Stock Markets April 15, 2026 03:56 AM

Nufarm affirms H1 FY26 EBITDA guidance at $236-244m, net debt near $1.23bn

Company cites steady crop protection performance, normalizing supply chains and controlled cost pressure from Middle East conflict

By Priya Menon
Nufarm affirms H1 FY26 EBITDA guidance at $236-244m, net debt near $1.23bn

Nufarm has pre-announced first-half fiscal 2026 EBITDA guidance of $236-244 million, consistent with consensus of about $240 million. The update reports net debt of roughly $1.23 billion and leverage of 3.6 times, while management says underlying trading and supply-chain conditions remain normal and cost increases tied to the Middle East conflict have been managed.

Key Points

  • Nufarm guides H1 FY26 EBITDA at $236-244 million, aligning with consensus near $240 million.
  • Net debt stands at about $1.23 billion and leverage is 3.6 times for the first half of 2026.
  • Management reports normal supply-chain operations and positive regional trading, with crop protection, hybrid seeds and emerging technologies driving performance.

Nufarm has issued a trading update ahead of its interim results, guiding first-half fiscal 2026 EBITDA in a $236-244 million range. That guidance sits effectively in line with market consensus of roughly $240 million, according to the company's pre-announcement.

The company reported net debt of approximately $1.23 billion for the period and said leverage remains at 3.6 times for H1 FY26. Management attributed the guidance to robust operating outcomes across its crop protection business, with particular strength in Europe, the Middle East and Africa, along with contributions from hybrid seeds and emerging technologies.

Operational commentary in the update highlighted continued positive momentum into April. Nufarm stated that supply chains were operating normally and that it was seeing positive trading across all regions. The company also said it has managed cost increases that arose from the Middle East conflict, without quantifying the precise impact on margins or cash flow in the trading update.

Market reaction included revisions to earnings and revenue forecasts. Consensus earnings per share estimates for fiscal 2026 were lifted to $0.07 from $0.04, representing a 64% increase in the EPS outlook. Revenue forecasts for both 2026 and 2027 were changed by less than 1%, indicating analysts saw minimal top-line adjustments following the update.

Analysts also noted that crop protection markets are experiencing pressure from reduced farmer profitability, a factor that could weigh on demand although the trading update did not specify any change in Nufarm's longer-term assumptions. The company did not provide additional numerical breakdowns of segment margins, working capital movement, or cash conversion in this pre-announcement.
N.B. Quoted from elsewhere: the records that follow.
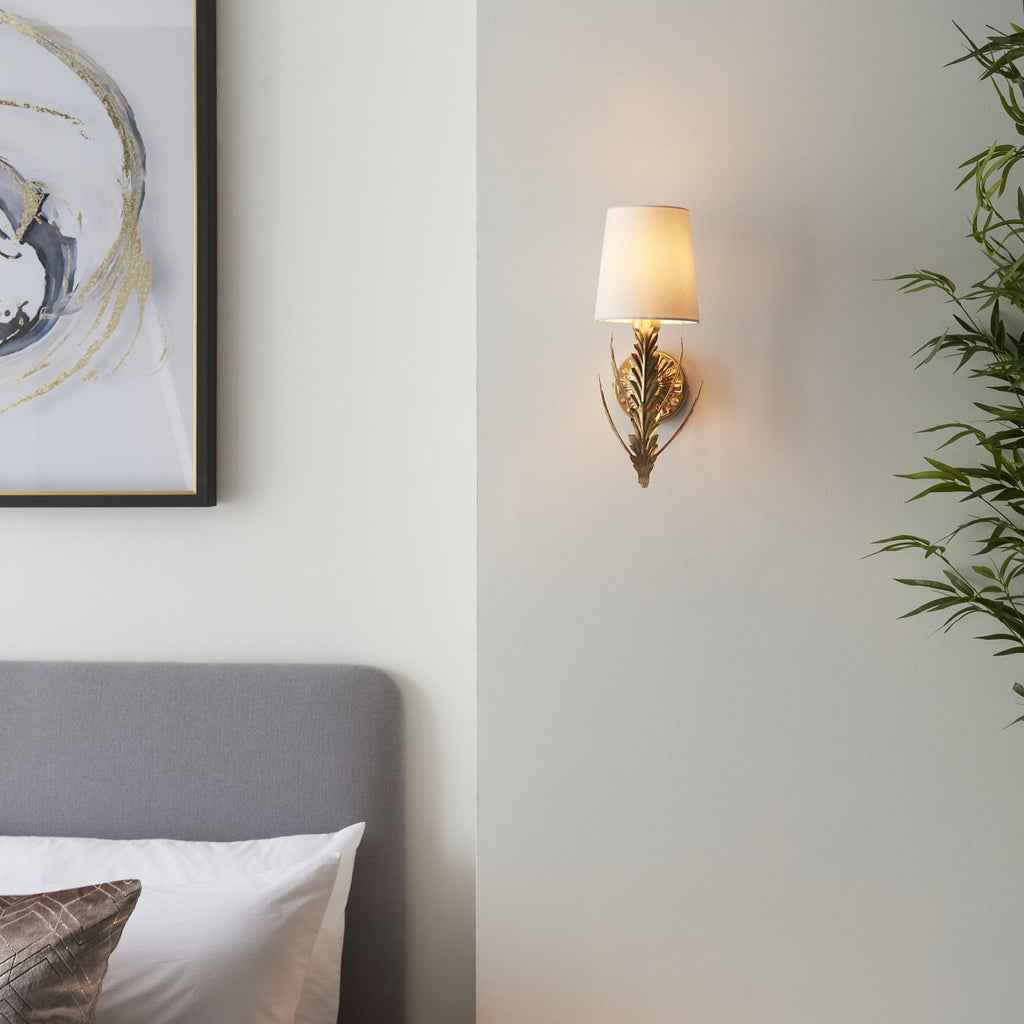 95040 Delphine 1 Light Wall Light Gold Ivory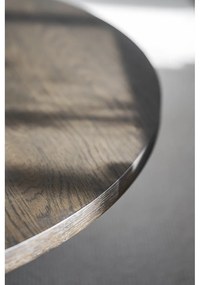 Măsuță de cafea maro închis rotundă cu aspect de lemn de stejar ø 110 cm Boxford – Rowico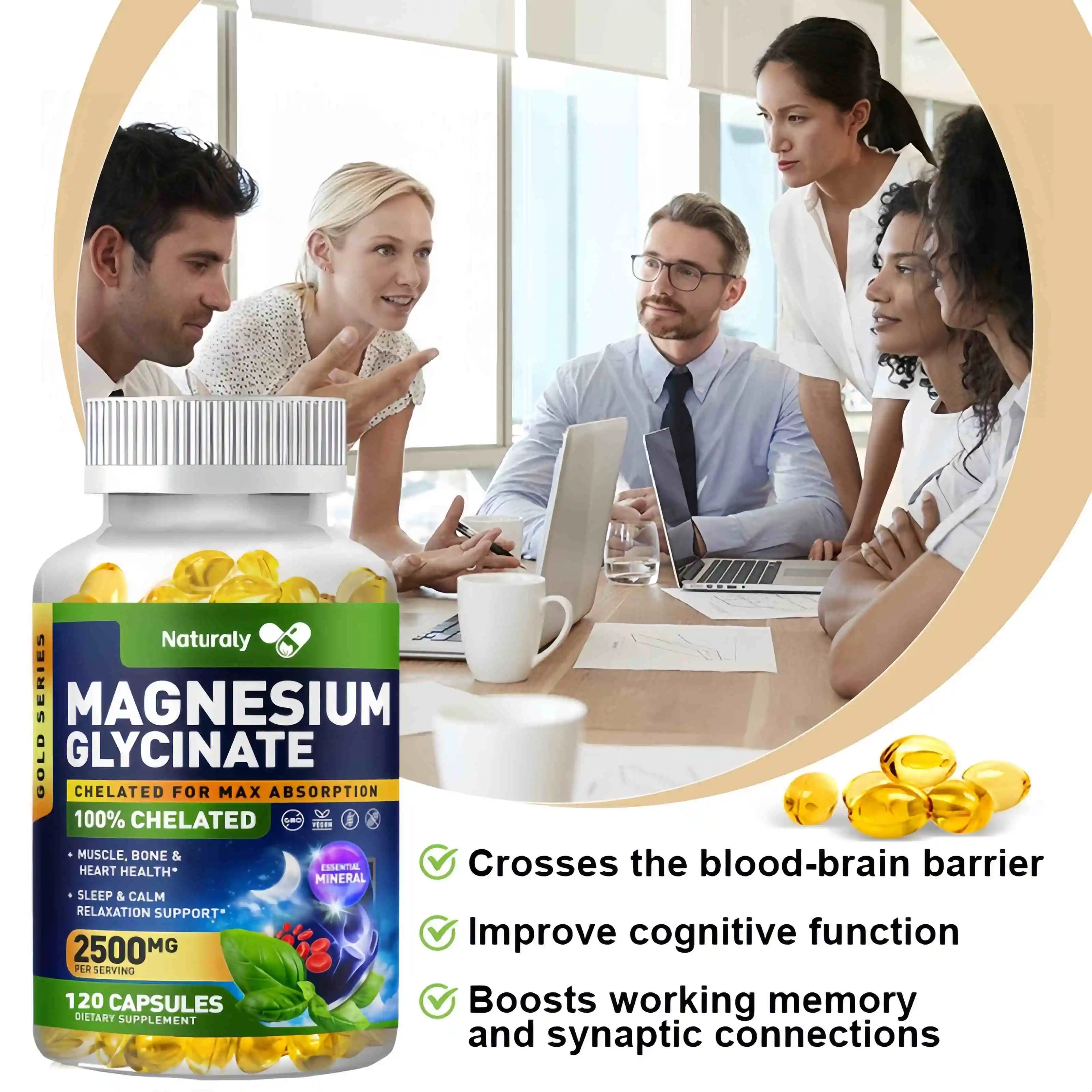 Magnesium Glycinate Capsules Dietary Supplement Support Bone Immune System,Heart Health Mineral Supplement Help Natural Sleep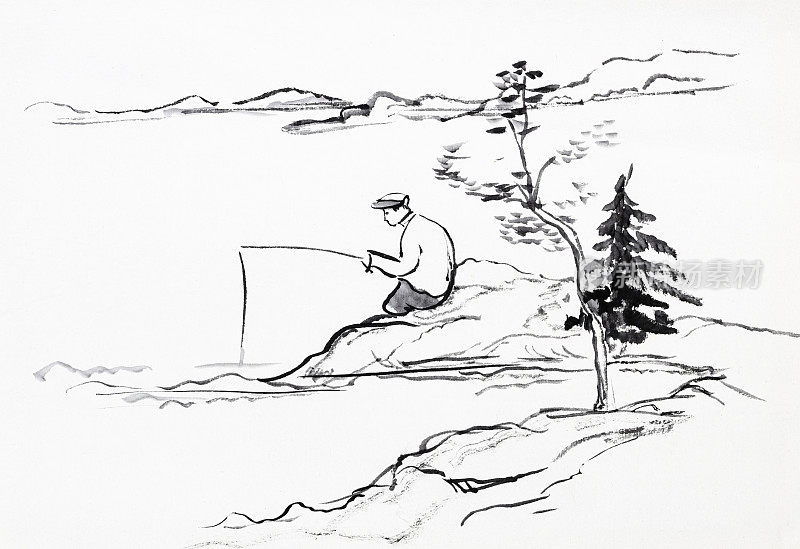 河岸上孤独的渔夫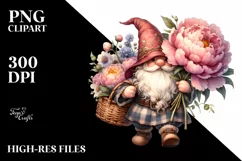 Detailed Watercolor Cute Gnome Basket Peonies | Clipart Product Image 1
Operational context and financial position

  • Nufarm cites solid operating performance in crop protection and select growth areas such as hybrid seeds and emerging technologies.
  • Supply chains are described as operating normally with positive trading across regions through April.
  • Net debt is approximately $1.23 billion with leverage of 3.6 times for H1 FY26.

The trading update provides a snapshot of current performance and near-term expectations but leaves detailed drivers and line-item impacts to the full interim report. For stakeholders focused on production rates, mix, and working-capital dynamics, the specifics of inventory, receivables and payables movements will be important to assess once the company lodges its full results.

Risks

  • Pressure on crop protection markets from reduced farmer profitability could dampen demand and impact revenue and margins - affecting the agriculture and chemicals sectors.
  • Geopolitical-driven cost increases, such as those tied to the Middle East conflict, create input-cost risk even if management reports these have been managed - relevant to procurement and supply-chain planning in agrochemicals.
  • High net debt and leverage (3.6x) leave the company sensitive to earnings volatility and working-capital swings - a financial risk for investors and lenders.